Bug 436032

Summary: SEtroubleshoot browser hangs 'mark delete' or 'remove marked deleted'
Product: [Fedora] Fedora Reporter: Andrew Farris <lordmorgul>
Component: setroubleshootAssignee: Thomas Liu <tliu>
Status: CLOSED WONTFIX QA Contact: Fedora Extras Quality Assurance <extras-qa>
Severity: low Docs Contact:
Priority: low    
Version: 9   
Target Milestone: ---   
Target Release: ---   
Hardware: All   
OS: Linux   
Whiteboard:
Fixed In Version: Doc Type: Bug Fix
Doc Text:
Story Points: ---
Clone Of: Environment:
Last Closed: 2009-07-14 18:24:02 UTC Type: ---
Regression: --- Mount Type: ---
Documentation: --- CRM:
Verified Versions: Category: ---
oVirt Team: --- RHEL 7.3 requirements from Atomic Host:
Cloudforms Team: --- Target Upstream Version:
Embargoed:
Attachments:
Description Flags
setroubleshoot-hang-large-markdelete.txt
none
audit_listener_database.xml (3Mb)
none
audit_listener_database.xml with more than 20 audits, 99k file none

Description Andrew Farris 2008-03-04 22:11:42 UTC
Description of problem:
SEtroubleshoot browser hangs when attempting to 'mark delete' or 'remove marked
deleted' for a large number of denials.  If I select more than 20 or so.. it
hangs.  The process just goes to sleep, no cpu spin or errors shown.
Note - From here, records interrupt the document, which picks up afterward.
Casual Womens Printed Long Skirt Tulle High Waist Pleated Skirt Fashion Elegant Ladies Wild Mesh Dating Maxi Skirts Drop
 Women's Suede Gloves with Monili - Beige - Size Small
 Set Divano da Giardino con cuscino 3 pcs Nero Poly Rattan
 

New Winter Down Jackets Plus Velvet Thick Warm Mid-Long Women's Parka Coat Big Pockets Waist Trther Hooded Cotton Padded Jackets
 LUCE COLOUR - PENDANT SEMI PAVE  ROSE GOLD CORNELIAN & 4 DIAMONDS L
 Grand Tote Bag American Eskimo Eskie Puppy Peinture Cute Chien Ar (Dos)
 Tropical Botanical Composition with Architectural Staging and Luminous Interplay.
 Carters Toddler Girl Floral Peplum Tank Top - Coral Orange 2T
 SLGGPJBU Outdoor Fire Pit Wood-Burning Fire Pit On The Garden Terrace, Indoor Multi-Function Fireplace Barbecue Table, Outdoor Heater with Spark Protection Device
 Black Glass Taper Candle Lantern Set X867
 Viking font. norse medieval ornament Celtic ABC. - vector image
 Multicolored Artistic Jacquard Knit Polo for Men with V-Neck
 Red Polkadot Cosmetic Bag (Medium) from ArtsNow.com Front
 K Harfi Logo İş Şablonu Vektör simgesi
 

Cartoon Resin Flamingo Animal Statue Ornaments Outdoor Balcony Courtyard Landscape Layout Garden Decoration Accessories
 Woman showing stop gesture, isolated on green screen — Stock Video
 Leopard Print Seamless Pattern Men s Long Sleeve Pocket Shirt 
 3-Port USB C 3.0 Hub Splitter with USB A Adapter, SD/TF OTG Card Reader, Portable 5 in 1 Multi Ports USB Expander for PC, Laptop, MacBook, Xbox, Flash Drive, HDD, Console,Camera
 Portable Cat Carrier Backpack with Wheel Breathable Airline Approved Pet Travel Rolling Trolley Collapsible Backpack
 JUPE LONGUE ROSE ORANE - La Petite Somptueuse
Version-Release number of selected component (if applicable):
setroubleshoot-2.0.6-1.fc9.noarch

How reproducible:
Every time.  I can delete entries if I do them about 10 at a time, but it takes
a long time to complete that.

Steps to Reproduce:
1. select 20 denials
2. mark delete
3. remove marked deleted

I'll work on more info.  It does not appear to just be taking a long time to
handle the job.

Comment 1 John Dennis 2008-03-04 22:22:08 UTC
Did you restart the sealert program after installing?

In 2.0 you can't have more than 30 alerts total unless you overrode the defaults
so something sounds fishy.

Please attach /var/lib/setroubleshoot/audit_listner_database.xml.


Comment 2 John Dennis 2008-03-04 22:23:08 UTC
Also please attach /var/log/setroubleshoot/setroubleshootd.log

Comment 3 Andrew Farris 2008-03-04 22:37:31 UTC
Created attachment 296822 [details]
setroubleshoot-hang-large-markdelete.txt

Here is a backtrace of its state when already hung (attached after).  First t a
a bt, then continued for 10mins (nothing happening I just walked away), then t
a a bt again.  The app is just fully stopped and doing nothing.

Comment 4 Andrew Farris 2008-03-04 22:42:10 UTC
Created attachment 296824 [details]
audit_listener_database.xml (3Mb)

I see this in the log.
2008-03-04 13:53:04,611 [rpc.ERROR] could not send data on socket
({unix}/var/run/setroubleshoot/setroubleshoot_server socket=0xb7af8aac):
Connection reset by peer
2008-03-04 14:03:53,619 [rpc.ERROR] could not send data on socket
({unix}/var/run/setroubleshoot/setroubleshoot_server socket=0xb7af8aac):
Connection reset by peer
2008-03-04 14:34:21,707 [rpc.ERROR] could not send data on socket
({unix}/var/run/setroubleshoot/setroubleshoot_server socket=0xbb34e2c):
Connection reset by peer

Thats all that is there.

Comment 5 Andrew Farris 2008-03-04 22:44:05 UTC
This is probably an audit database thats been sitting around awhile then. :)
I've rebooted since installing yes, but the database has entries I had left
there from weeks back.

I'll move it and see what happens when I get new audits showing up.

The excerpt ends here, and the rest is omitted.